666psycho ha scritto:


> essendo senza contratto non può venire al di fuori del calciomercato??



Si, il mercato degli svincolati chiude più tardi.


----------



## Old.Memories.73 (17 Settembre 2016)

666psycho ha scritto:


> essendo senza contratto non può venire al di fuori del calciomercato??


Secondo me no perchè alla chiusura del mercato era vincolato con lo United...deve aspettare la riapertura per poter essere tesserato


----------



## FiglioDelDioOdino (17 Settembre 2016)

Uno stipendio simbolico e andiamo, se vuole soldi vada sulla Luna


----------



## Jino (17 Settembre 2016)

Old.Memories.73 ha scritto:


> Secondo me no perchè alla chiusura del mercato era vincolato con lo United...deve aspettare la riapertura per poter essere tesserato



No, da svincolato può firmare per chi vuole se il regolamento della nazione in questione lo consente.


----------



## Old.Memories.73 (17 Settembre 2016)

Jino ha scritto:


> No, da svincolato può firmare per chi vuole se il regolamento della nazione in questione lo consente.


Penso che nel nostro caso non può essere tesserato...il regolamento della FIGC recita questo...

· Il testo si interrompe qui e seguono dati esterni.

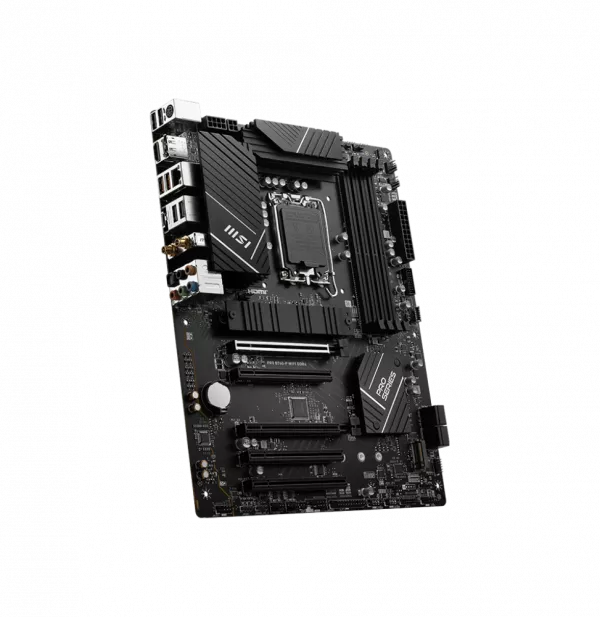 Carte Mère Intel MSI PRO B760-P WIFI - DDR4 (911-7D98-037)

''I calciatori possono essere tesserati esclusivamente durante uno dei due periodi 
annuali di tesseramento stabiliti dalla Federazione nazionale. In deroga a tale 
principio, un professionista il cui contratto sia giunto a scadenza prima del 
termine del periodo di tesseramento può essere tesserato al di fuori di tale 
periodo.''

Schweinsteiger il 31 Agosto era ancora sotto contratto


----------



## pennyhill (17 Settembre 2016)

Ricordate il buon Kevin-Prince? Rescissione con lo Schalke a inizio dicembre, ma prima della riapertura del calciomercato non ha potuto firmare. 
Rescissione dei contratti dopo l’1 settembre o il 31 gennaio o 1-2 febbraio (quello che è  ), tendenzialmente si contano sulle dita di una mano.


----------